The alleged Putin residence is a government owned building like Camp David. This is a exactly a Camp David type of property
and does not belong to Putin. You clowns couldn't find Putin's billions so now you just lie about Russian government property.
The mansion itself is the least interesting part of the facilities.
When the story first "broke" in 2010 or so (really, nothing has changed since then, it's a complete rehash) there were multiple contracts concerning development of this property that were signed the Presidential Administrative Office (APRF), the Federal Guard Service (FSO) and the Federal Security Service (FSB).
Real interesting things already begin with the 2008 contract for industrial levels of electricity (dedicated 110kV lines and substations) to be provided by Kubanenergo to serve FSB "Special Objects" in the area, which is unusual to say the least as that kind of power is what you'd expect for an automobile plant or something (why all this power was needed becomes quite evident below...)
These things continue with multiple contracts for FSO facilities (namely FSO unit 1473, which is the actual name of the hilltop facility), in 2011 and onwards.
Basically, the true scale of everything becomes apparent when you look at what surrounds the "palace" area. I mean, first you have the helipads right in front of the entrance, and the harbor below (which, by the way, was a military contract fulfilled by Morstroytekhnologiya for unit 1473) of course, but the real stuff is earlier up on the road.
First, the initial checkpoint area that you'd need to pass if you came by road from Gelendzhik. Here are large FSB buildings, multiple garages etc, the dedicated power facilities etc:
Then as we move on, its a long and winding road, with occasional technical buildings alongside it, and a small FSB outpost with a garage at one point. Next to the road there are pipes and/or cables running, occasionally intersecting it in tunnels
Then we pass through another checkpoint (which appears to even have a vehicle x-ray) and arrive at the positively massive, clearly military style (it's even all in some olive drab green, for crying out loud) facility:
Then after passing through that we get to the heliport (that was originally built with three pads, but now has two), and finally the "palace", that everyone's seen already.
All of this is surrounded by miles of fences, patrol roads and guard huts, in two tiers, one inner perimeter and one far larger outer one.
There appears to be provisions for a couple of SAM sites (probably for Tor vehicles, as the size and style is similar to the Tor sites that could be seen in Sochi/Adler during the Olympics) as well, but no vehicles are yet present in the latest open source satellite footage. Considering that there is an official restricted airspace notice in effect for FL160 and below, and Navalnys drone violated it, I wouldn't be surprised if they added some form of air defense very soon, anyway.

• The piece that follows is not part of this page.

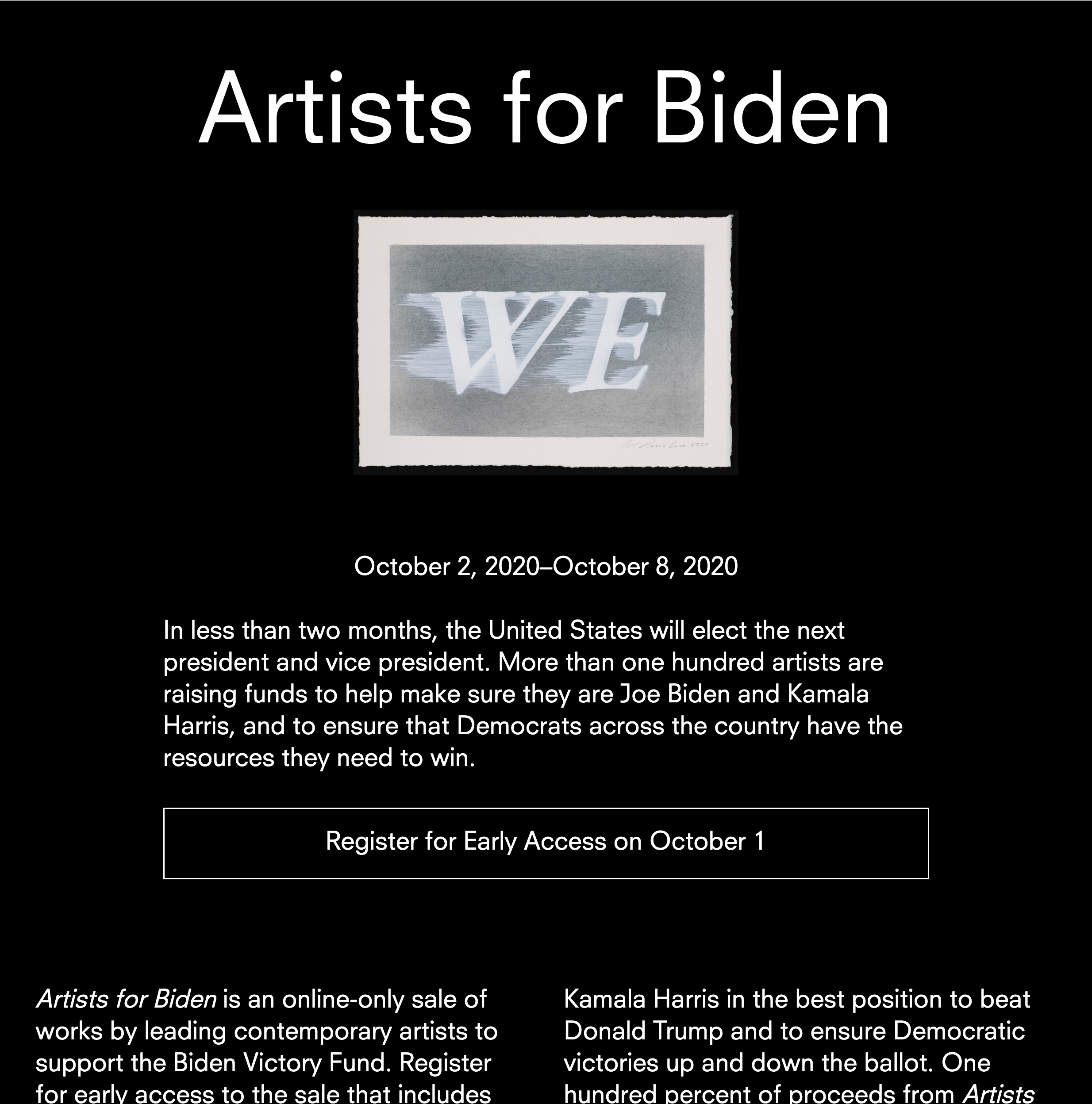 Screenshot of prelaunch page to capture interest.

So basically, that's what they've actually been building there...
Meanwhile, the Gelendzhik airport is being overhauled, with a brand new terminal being built right now. A brand new golf course has been built right next to it as well. You have the nearby Krymsk interceptor base, which has received upgrades (including new hard shelters, unusual for Russian airbases) and whose rapid response Flankers can be in the air over the FSO object in a matter of minutes if ordered. Then you have the nearby Novorossiysk naval base, with its new piers and new fast patrol ships (pr 22160 etc).
To my eyes, everything points to this thing being a presidential Camp David style residence, one to rule them all, with all necessary security, communications, support and amenities you can wish for.
So, the president flies to Gelendzhik airport, takes a helicopter from there to the residence. Invites other world leaders, goes for some golfing or yachting, whatever.
BTW. I think it's quite possible that the Sochi presidential residence might be scrapped in favor of this later, because that one is really awkwardly located and probably a nightmare to guard properly as it has tall civilian buildings literally overlooking it, tons of tiny alleyways and private buildings surrounding it, and the helicopter from Adler (where the closest airport is) has to fly for miles over heavily urban areas, and is literally within reach for some random person with a gun in his bedroom, when it approaches the compound.
Anyway, the main thing that bothers people here seems to be that the funding schemes appear sketchy and that the state pretends it doesn't exist, but to be perfectly honest that's not exactly unusual in Russia. The secrecy makes perfect sense, anyway. And no, the strip poles, personal casino and Dance Dance Evolution pad are CGI renders (by Navalnys artist) with a lot of creative liberties being taken. The only actual interior photos that exist were taken a good 10 years ago or so, and show interiors modeled after the National Congress Palace in St. Petersburg, which is also technically an official residence of the Russian president, but it's just being used as a reception hall pretty much.
PS apart from the military facilities the place is still far from being ready, and Putin has never even been there at all.
PPS One more thing, the Italian architect of the residential building flat out denied it was for Putin himself in an interview years ago. He said however that things were indeed confidential, but that he hoped that designing this would put him in history together with the other Italians that designed parts of the Kremlin and the Winter Palace. Go figure.